Рассказ Радека во всяком случае соответствует месту, посмертно отведенному трем мученикам германской революции в революционных святцах. Роза Люксембург обрела лик далекой от жизни святой столпницы. Иогихес-Тышка, «как всегда строгий конспиратор», считался практиком, с которым вообще-то можно было работать, если бы он не погиб. А Карл Либкнехт оказался способным к обучению вождем германской революции, каковым его объявила московская газета «Правда» уже в середине ноября.

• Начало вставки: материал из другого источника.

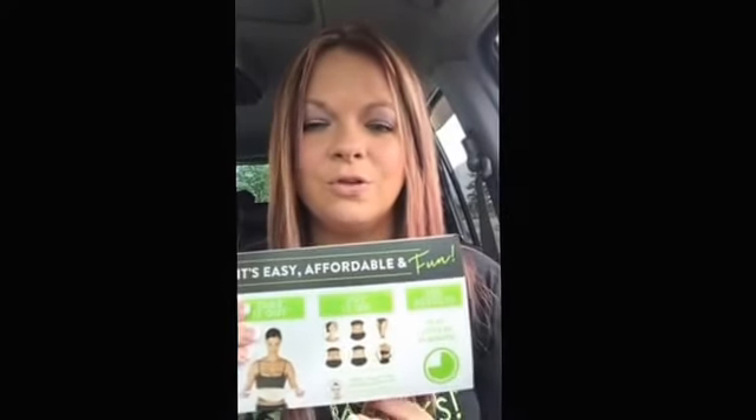Now what about your face? If you want to tighten, tone, and firm your face, maybe diminish the appearance of fine lines and wrinkles, don't worry — we've got a facial applicator as well. Same thing: four to a box. Take one out, apply it to your face, leave it on for at least 45 minutes. You have four in your box, so that's a month's supply of facial treatments. It's going to tighten, tone, and firm just like the wrap does.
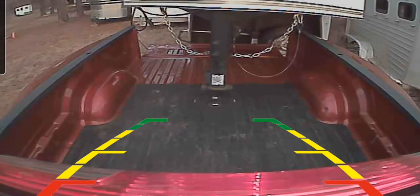Another way I use this thing is on the back of the trailer, so when I'm backing up the trailer I can see where I'm going, which is really, really nifty.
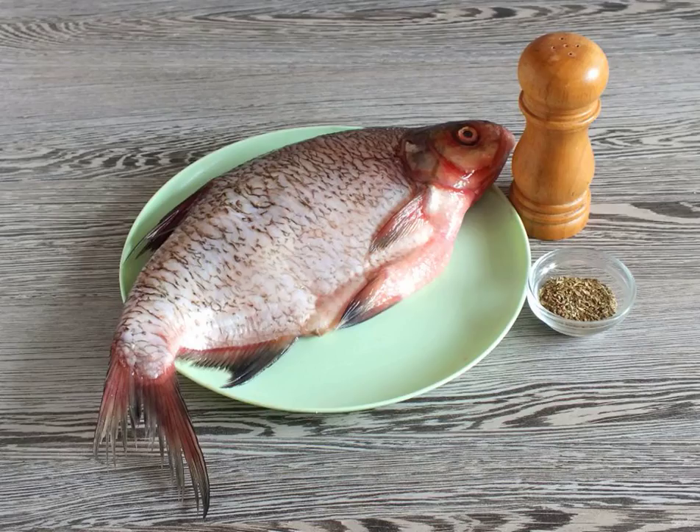Prepare the necessary ingredients. If the bream is not cleaned, then rub it with salt and remove the scales. Thoroughly wash and dry with a paper towel.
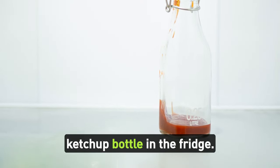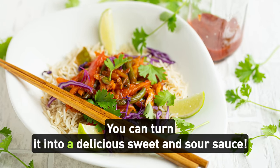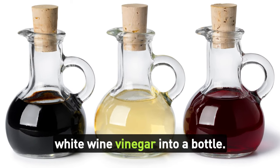If you have an almost empty ketchup bottle in the fridge, no problem — you can turn it into a delicious sweet and sour sauce. Here's a simple kitchen hack: start by adding four tablespoons of white wine vinegar into the bottle.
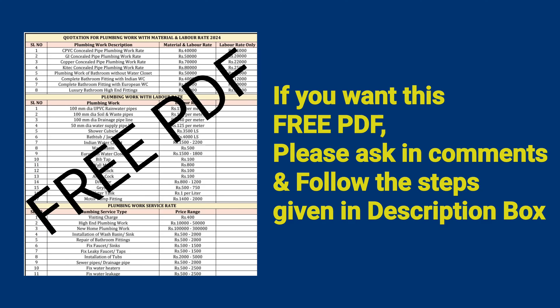If you want this free PDF, please ask in the comments and follow the steps given in the description box. If you like this video, kindly do subscribe to Civil Engineering Shilu's Updates. Thank you.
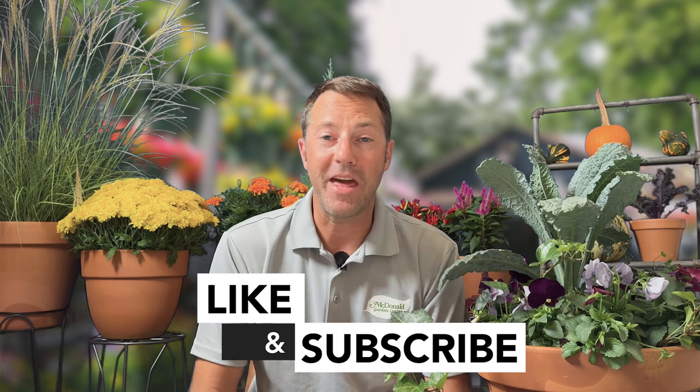Hope you enjoyed this video. Subscribe to our channel and click below to leave some comments — let us know what you'd like to see in the future, and I'll see you next time.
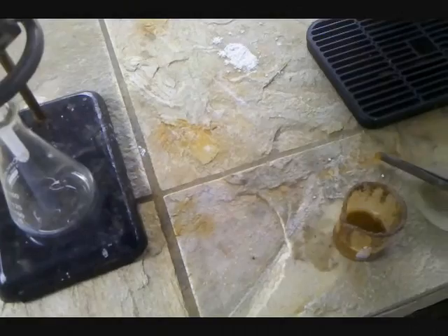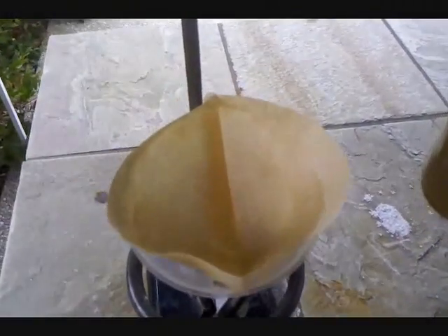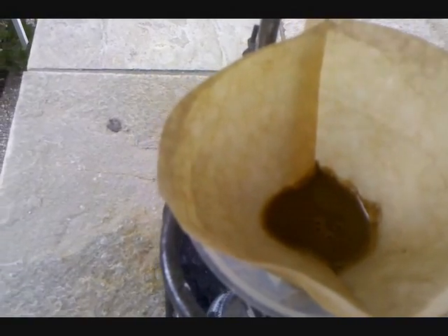Now the reaction between magnesium and the chloro-auric acid is done. Filter your gold slurry, let it dry, and collect the gold particles. Here's the gold powder I collected after filtering — you can see I have quite a bit. Now I need to melt it into one piece, which is going to be the harder part because gold melts at about 1000 degrees Celsius.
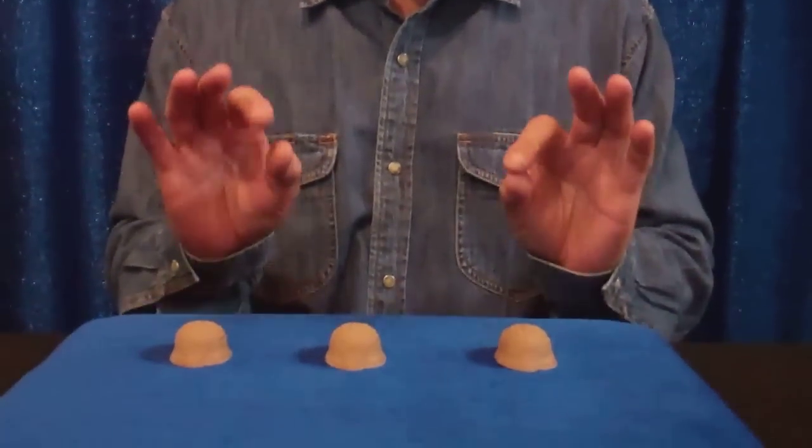Here it is, the one you've always heard about, always wanted to do. Now you can do it. It's the classic three shell game, real easy to do.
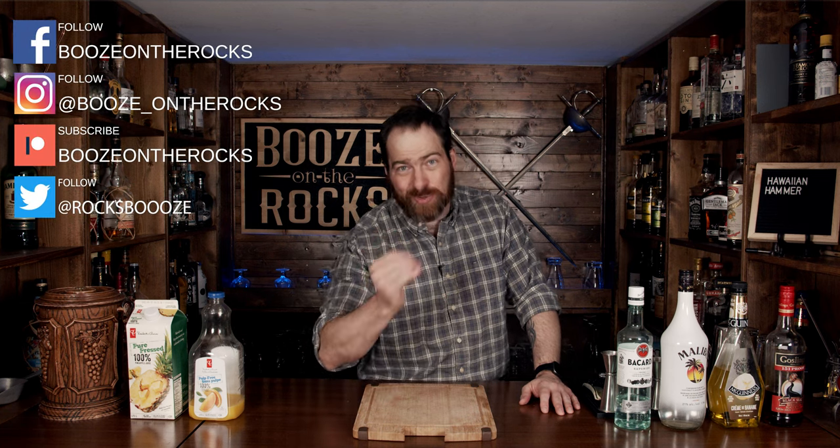Welcome back to Booze on the Rocks, where we make cocktails for everyone. My name is David Edwards and it's great to have you here today. We are going to make a tropical cocktail called a Hawaiian Hammer. It's going to have those sweet tropical notes and it's going to kick you just hard enough to make you want to be sitting on that beach, relaxing in the sun. So let's give it a try.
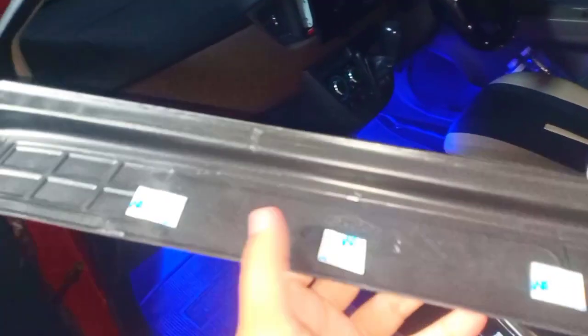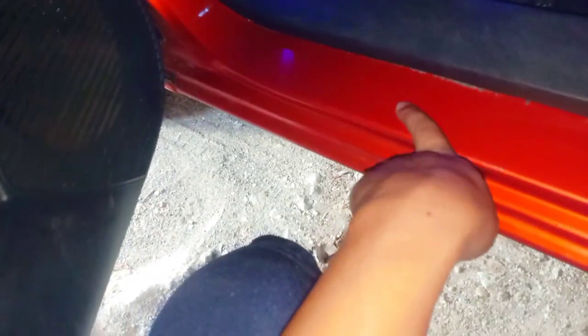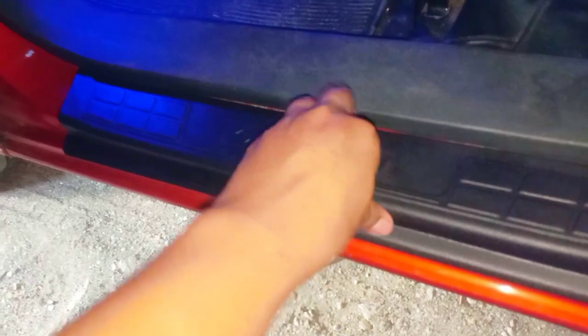Jadi di sini ada seal tip. Sudah ada seal tipnya. Kita tinggal lepas aja semua seal tipnya, lalu kita pasangkan ke sini. Kita lap-lap dulu. Jadi nanti kaki itu supaya tidak merusak cat mobil ini. Sama seperti ini. Oke, jadi posisinya seperti ini.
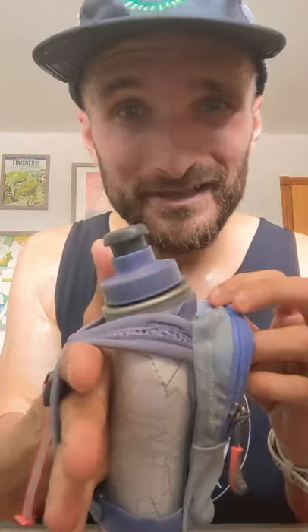Best handheld water bottle for small hands — I like this 12 ounce Nathan. They have a couple different options that are kind of ergonomically shaped. They're flat, as you can see, and they're a little more narrow. This is a 12 ounce insulated. They have one 10 ounce option and they have some 12 ounce non-insulated ones.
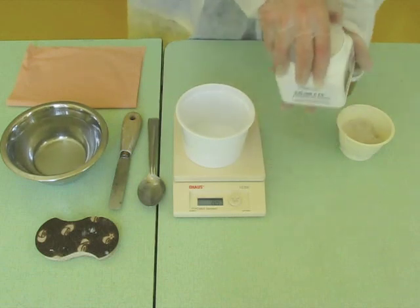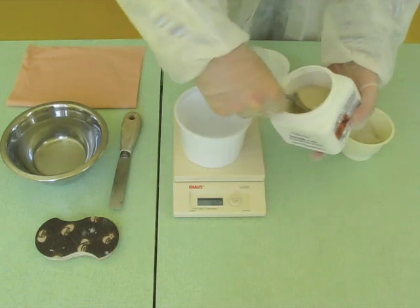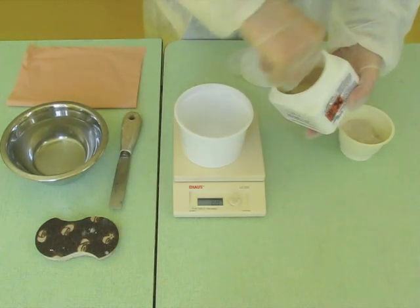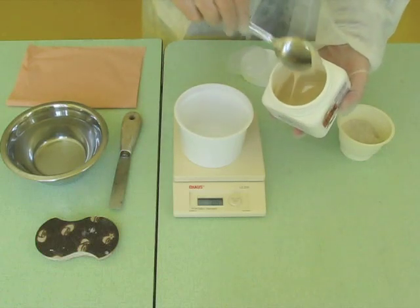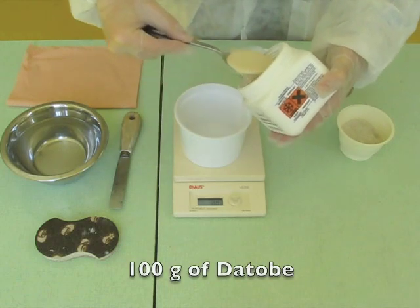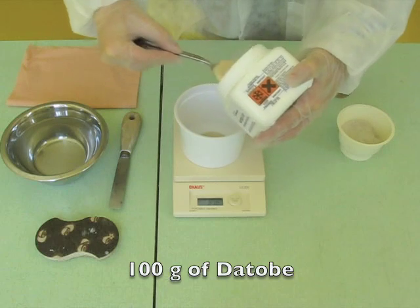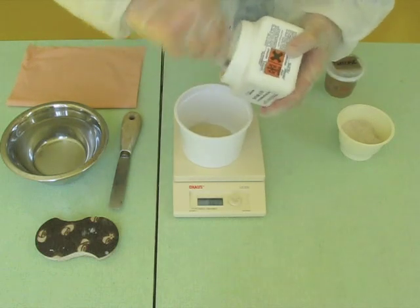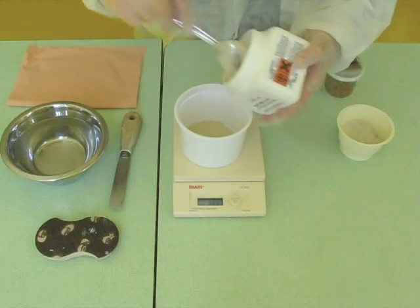Here are the directions for use of a Dottobi ceramic for simple applications. Prepare one part by weight of Dottobi binder and between 50% and 200% by weight of fillers depending on its granulometry. For this tutorial, we weigh 100 grams of binder. Note that the Dottobi binder is still fluid after taking it out of the freezer — it can be used immediately.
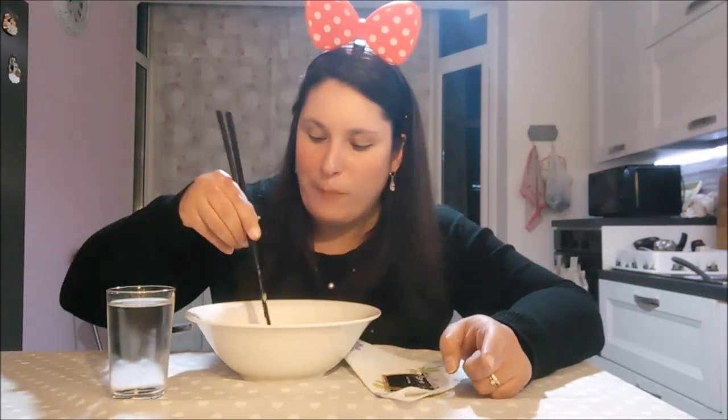L'altra volta ho fatto lo speciale 100 iscritti. Per molti non è niente, però siccome ho il mio canale nuovo, ho fatto 100 iscritti e ho voluto provare il nuovo drone che mi è arrivato. Non so se avete visto già il video, in tal caso ve lo lascio in descrizione. Come vi dicevo, voglio provare ad andare al giapponese a mangiare il sushi, perché un po' fa avevo detto che dovevo andarci e poi non ci sono più andata. Nei commenti potete dirmelo se volete che faccio un mukbang diverso.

Либкнехт — «немецкий Ленин»
Временами казалось, что Либкнехт вполне готов взять на себя приписываемую ему историческую роль «немецкого Ленина». Вместе с тем подобная характеристика совершенно абсурдна как в идеологическом, так и в характерологическом смыслах. Либкнехт был убежденным антиматериалистом, в тюрьме «изучал законы человеческого развития» и пришел — ни больше, ни меньше — к опровержению фундаментальных историософских и политэкономических аксиом марксизма. Если говорить на языке марксистских категорий, Либкнехт, для которого высшее развитие человеческого рода заключалось в «схватывании невозможного», был «утопическим социалистом» par excellence и скорее пролетарским проповедником пробуждения, чем революционным властным политиком диктата{512}. Но именно это, вероятно, и лежало в основе его харизматического воздействия на уставшие от войны и ожесточенные «массы», хотя — или как раз потому что — до войны он никогда не играл заметной роли в теоретических и политических дебатах германской социал-демократии и, даже будучи сыном Вильгельма Либкнехта, исторической фигуры, одного из основателей СДПГ, всегда оставался в партии аутсайдером и одиночкой.